The Sleeppers est un groupe formé par 5 Charentais à Jonzac en 1989 et qui, au fil de ses 23 années de carrière, s’est fait un nom dans le milieu Rock Underground et Indépendant. Les Bordelais nous livrent cette année leur sixième album, six ans après le précédent, "Signals From Elements". Les fans retrouveront dès la pochette la passion commune des membres du groupe pour le cinéma avec cette caméra traversée par un genre de spectre en accord avec l’intitulé, "Keep Focus", faisant certainement référence à l’objectif de l’objet.

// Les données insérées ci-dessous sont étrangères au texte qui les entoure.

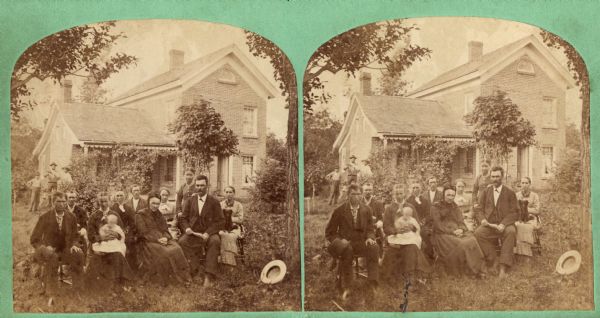 Bechtel family seated in yard with croquet mallets in front of them with brick house that has soldier coursing at windows and fan window at third story. Daniel Bechtel is seated next to his widowed mother Catharine Bechtel.  Her husband John Bechtel died Feb. 5, 1876.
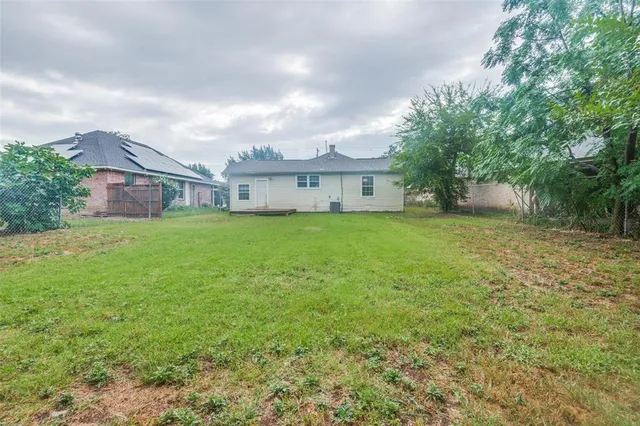 a view of a house with a big yard and large trees
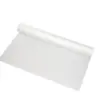 A large roll of thin white plastic sheeting partially unrolled across a clean white background, showing its smooth surface.
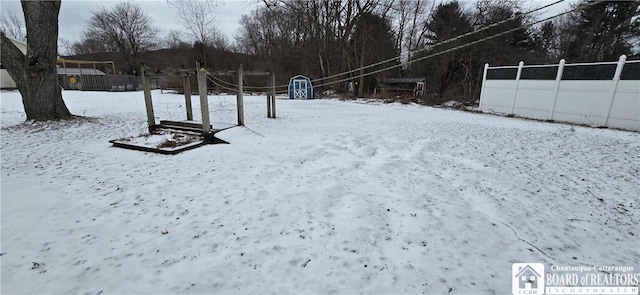 snowy yard featuring fence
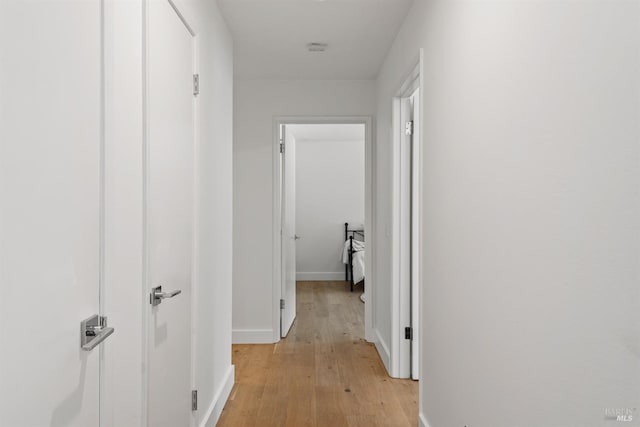 corridor featuring light wood-style flooring and baseboards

Dès le premier titre (éponyme), la couleur est annoncée avec un gros riff de guitare bien sale qui va monter en puissance sur un tempo assez rapide, accompagné d’un chant très rugueux et assez punk. Si The Sleeppers nous avait habitué à ce genre de composition, leur style riche en influences (notamment Queens Of The Stone Age et Pain Of Salvation) a fortement évolué depuis le dernier opus. Les balbutiements électroniques qu’ils s’étaient autorisés sont concrétisés dans des titres comme ‘The Box’ ou encore ‘Divide’ (enregistrée en compagnie d’Ez3kiel, grand nom de l’électronique). Ce dernier est d’ailleurs très mélodique et assez intense, du en grande partie au son plutôt énorme des Bordelais. Alors bravo à Fred Norguet qui a remarquablement mixé l’album : tous les instruments trouvent leurs places et le rendu en devient agréablement compact et rugueux.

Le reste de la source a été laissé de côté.